Y and a bunch of Christians from her office got together and pooled their resources (including a spare HDB flat) to help that family. Progress was good for three months, with the son making progress and the husband being willing to reconcile with T, until the family had to return to China. With the source of support starting to dwindle as it got difficult to help T remotely, things changed and at the end of a year, the husband obtained a divorce, stopped being a Christian, and the sister-in-law of T has been trying to turf her and her mother out of the house. Funds also dwindled because the salary of T decreased when she went back to China with her family. Y said that it was a time when they wondered, “why have our prayers grown cold?” What happened to the initial spurt of belief and progress?
Faith is not a straight path. It really is a mountain range. The climb upwards is long and tiring, and the dips downwards bring you closer and closer to the final destination, but you might never see the peaks if you lose faith in the middle. It is difficult to climb the mountain range on your own if you have no support, especially with an ailing son and marital problems and a lack of financial stability. Even Sunday school teachers (the mother of my camp group mate) can turn away from church completely, and renounce God. Whatever happened to their faith? Is it the gulf between reality and expectations? If we are unable to maintain our faith in comfortable surroundings, how do we find it in us to love those who are vulnerable and much worse off than us? Love is action-oriented, it is not just words. How can one sustain love over a long period of time? These are some of the many questions I hope to find the answers to when I am older.
Not all of us can do great things. But we can do small things with great love.

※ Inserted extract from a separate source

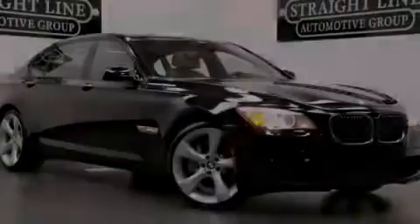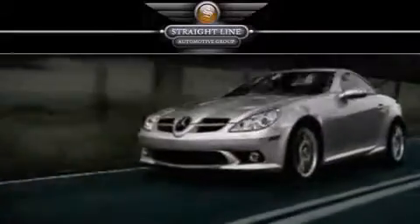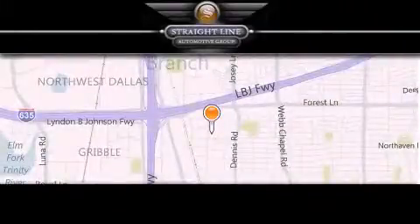Contact us today to arrange your test drive. Straight Line Automotive Group is located at 2727 North Haven Road in Dallas. Our goal is to exceed all of your expectations to ensure that you'll return for future visits.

I really like listening to testimonies of faith and grace, because sometimes, preaching the absolute truth does nothing for me. It is like a chemistry equation for Prozac, so what if the equation is true and might one day save my life? I am used to feeling as I do and doing as I do. Why should I acknowledge your truth, something which gets most religious people riled up, if it doesn’t affect my current life?
But testimonies are different- it goes directly to the heart of a person. What are our struggles, and how can our struggles inform the way we live and work as Christians. Pain makes us more relatable as human beings, and testimonies are often about loss and emotional struggles. Why does he live as he does, how can we befriend him and shape his life.
To end off with a quote by S. ‘You might not have a family, but you will always have a church community’. It takes time to build up that church community, with generous portions of faith, hope and love. Above all, love. 😊
And now these three remain: faith, hope and love. But the greatest of these is love.